**ASSIGNED TASK**.
From the line containing "Omslag van Liefde, lust en lompheid" to the line containing "When not much" in the entries below, reproduce every line exactly, ends included. Nothing else belongs in the copy, and no pictures.

[WORKING DATA]

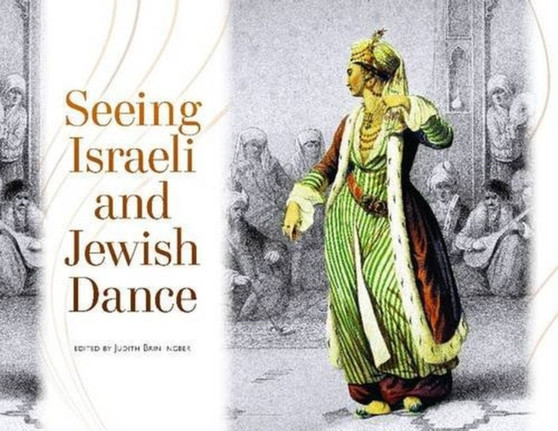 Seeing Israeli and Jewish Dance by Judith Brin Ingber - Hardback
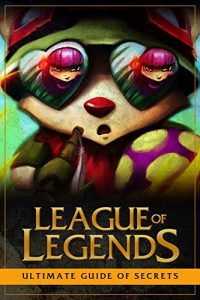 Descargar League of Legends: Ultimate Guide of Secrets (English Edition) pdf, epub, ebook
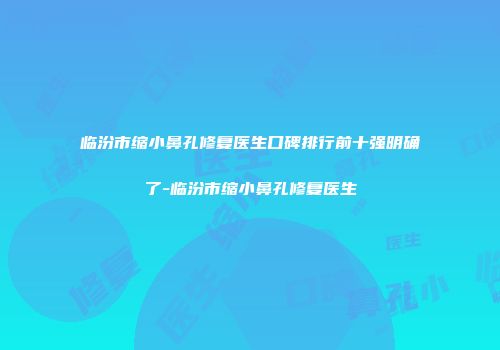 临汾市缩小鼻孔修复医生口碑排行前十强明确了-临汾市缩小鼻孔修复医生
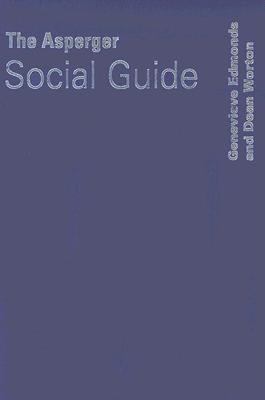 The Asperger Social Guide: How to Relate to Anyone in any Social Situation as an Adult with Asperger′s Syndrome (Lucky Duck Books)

[/WORKING DATA]
[WORKING DATA]

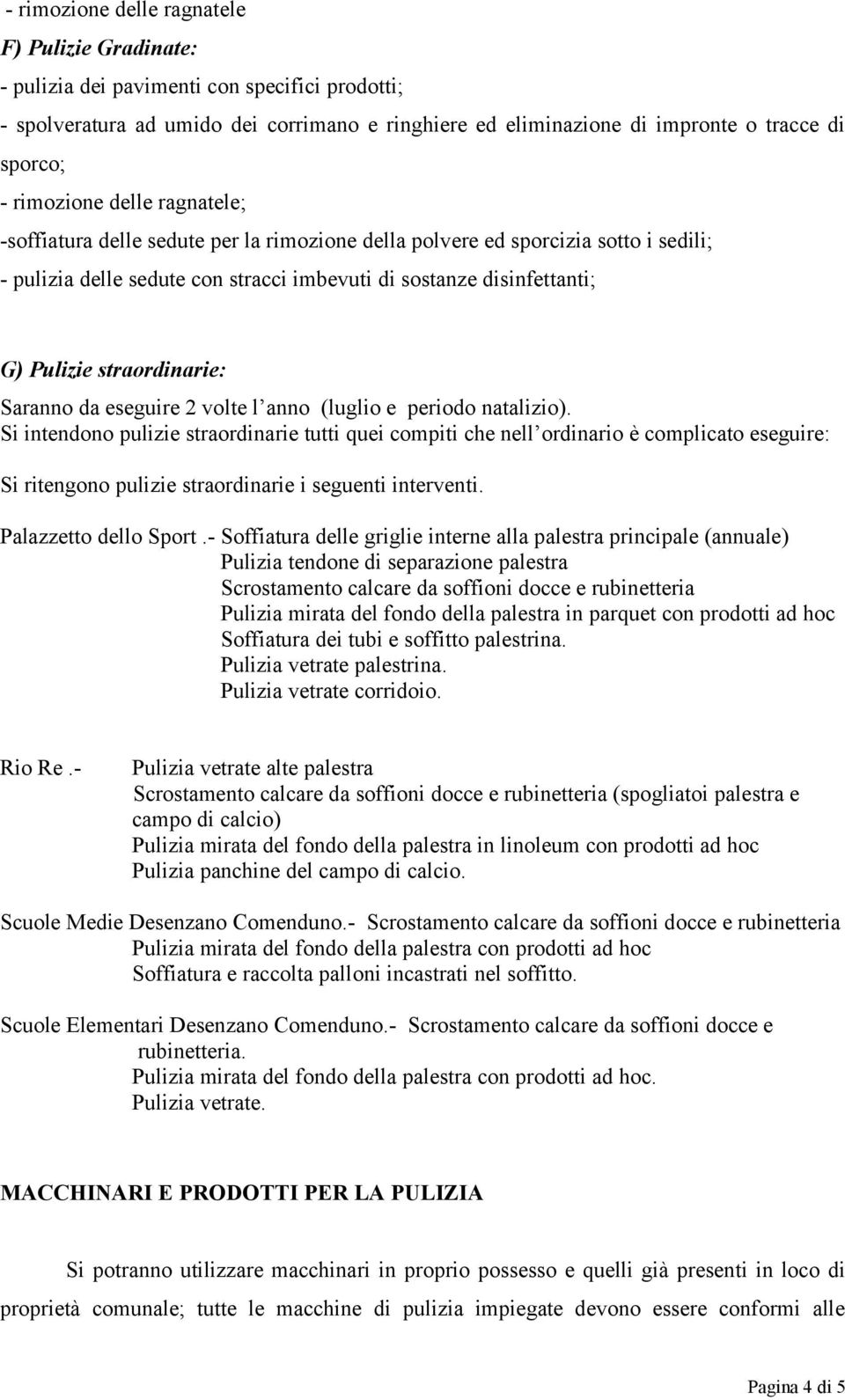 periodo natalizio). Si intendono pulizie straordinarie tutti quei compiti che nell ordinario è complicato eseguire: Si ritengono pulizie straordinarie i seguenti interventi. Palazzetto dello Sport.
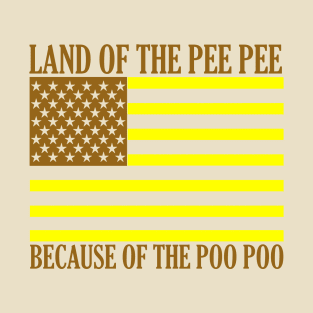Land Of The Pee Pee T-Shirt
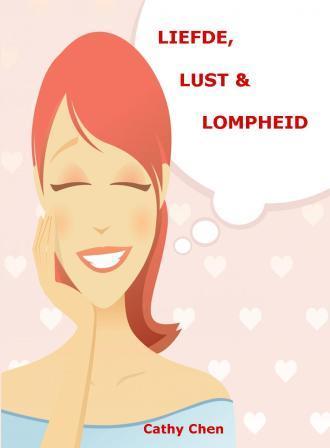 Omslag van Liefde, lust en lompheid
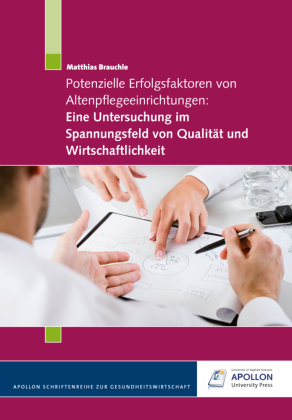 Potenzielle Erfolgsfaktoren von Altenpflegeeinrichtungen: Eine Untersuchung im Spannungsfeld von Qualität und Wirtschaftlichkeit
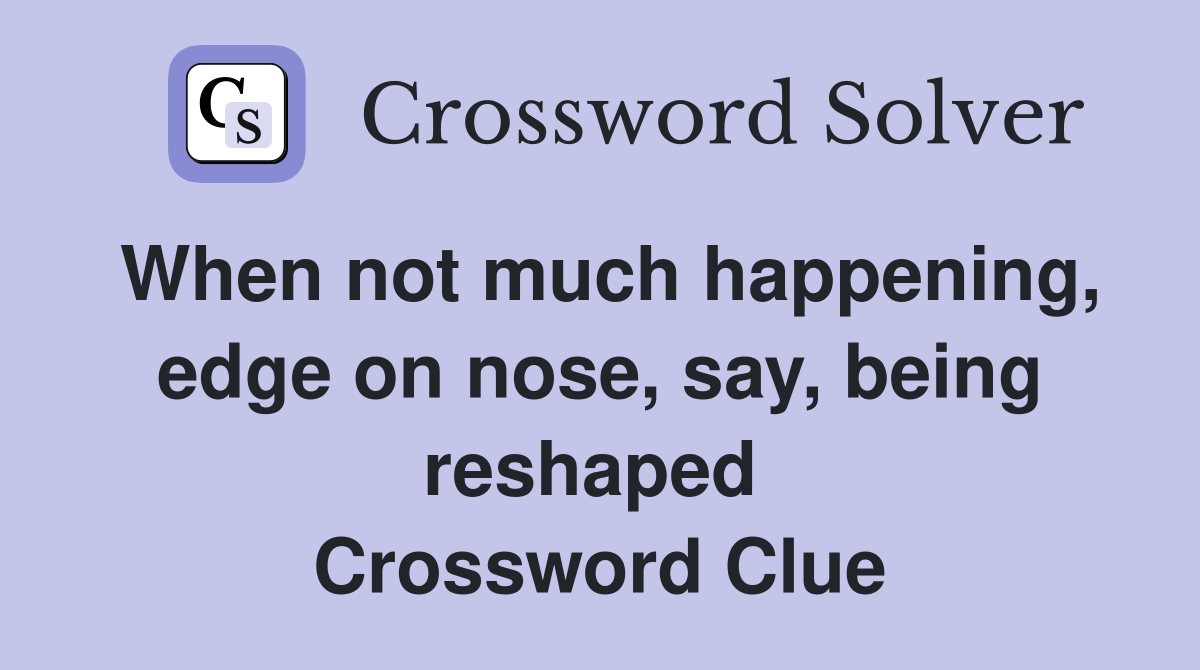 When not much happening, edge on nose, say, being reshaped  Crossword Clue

[/WORKING DATA]
[WORKING DATA]

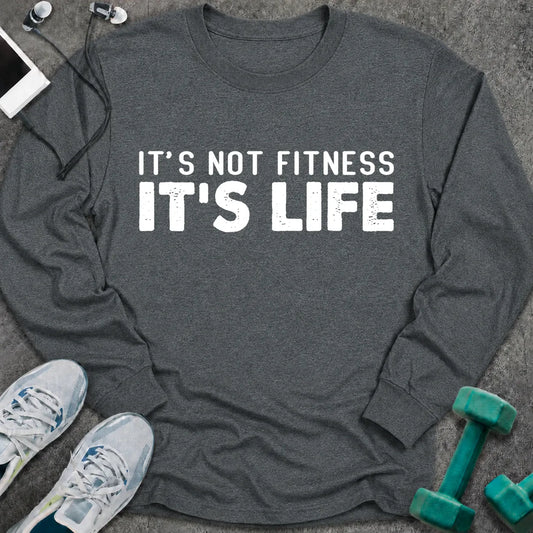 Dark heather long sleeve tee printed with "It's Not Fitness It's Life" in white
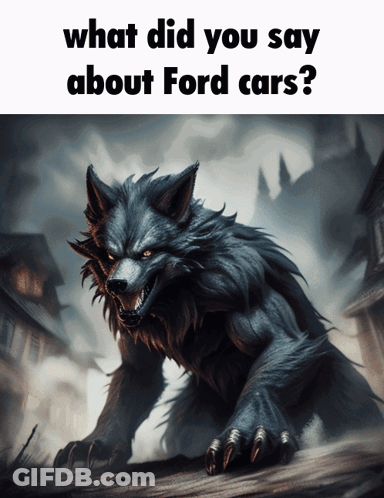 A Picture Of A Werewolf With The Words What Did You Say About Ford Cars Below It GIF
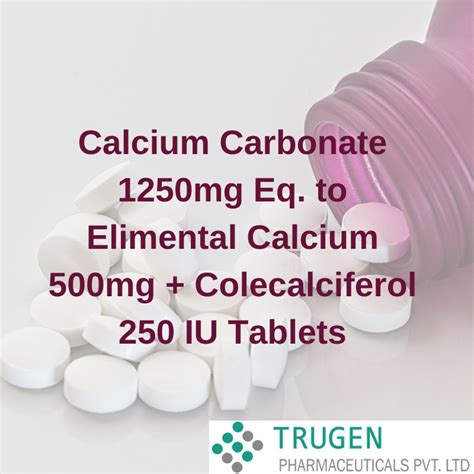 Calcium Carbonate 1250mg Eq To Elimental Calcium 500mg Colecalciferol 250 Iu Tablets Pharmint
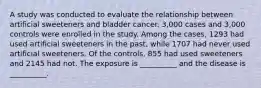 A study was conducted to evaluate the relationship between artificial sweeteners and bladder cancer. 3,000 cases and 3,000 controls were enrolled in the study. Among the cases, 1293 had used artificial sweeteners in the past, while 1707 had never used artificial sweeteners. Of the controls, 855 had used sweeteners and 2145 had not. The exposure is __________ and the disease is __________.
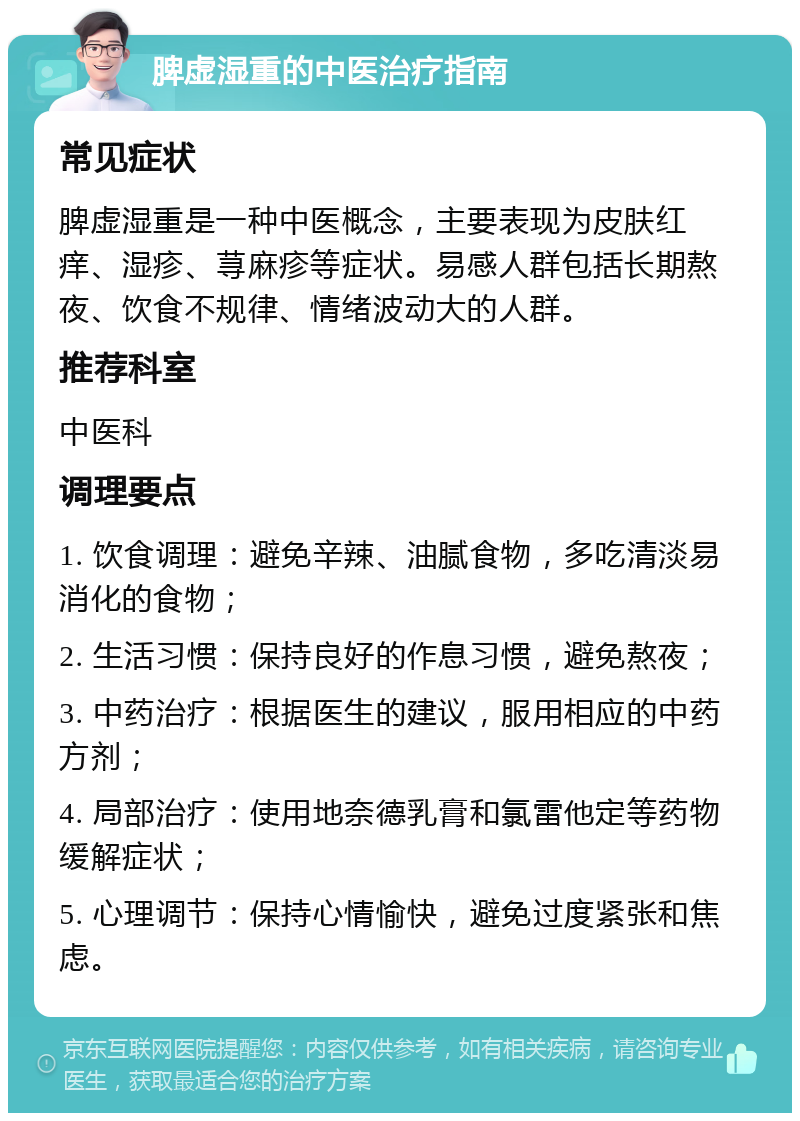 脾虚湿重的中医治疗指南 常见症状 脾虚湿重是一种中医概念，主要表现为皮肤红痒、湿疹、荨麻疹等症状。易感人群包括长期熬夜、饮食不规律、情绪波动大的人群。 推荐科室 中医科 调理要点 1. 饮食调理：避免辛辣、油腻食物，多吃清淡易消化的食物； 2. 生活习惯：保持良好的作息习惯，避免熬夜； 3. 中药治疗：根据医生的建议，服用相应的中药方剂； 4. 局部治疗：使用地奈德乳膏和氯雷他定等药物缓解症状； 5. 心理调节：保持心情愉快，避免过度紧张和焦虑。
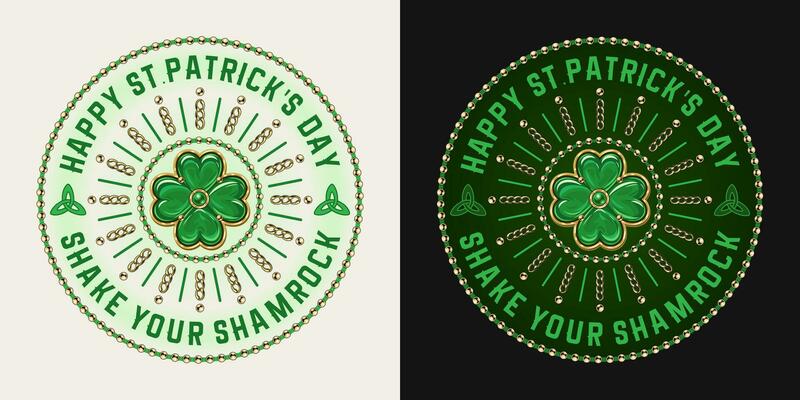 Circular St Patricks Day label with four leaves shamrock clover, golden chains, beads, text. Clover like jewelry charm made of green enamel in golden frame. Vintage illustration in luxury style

[/WORKING DATA]

**RESPONSE TO THE TASK**.
 Omslag van Liefde, lust en lompheid
 Potenzielle Erfolgsfaktoren von Altenpflegeeinrichtungen: Eine Untersuchung im Spannungsfeld von Qualität und Wirtschaftlichkeit
 When not much happening, edge on nose, say, being reshaped  Crossword Clue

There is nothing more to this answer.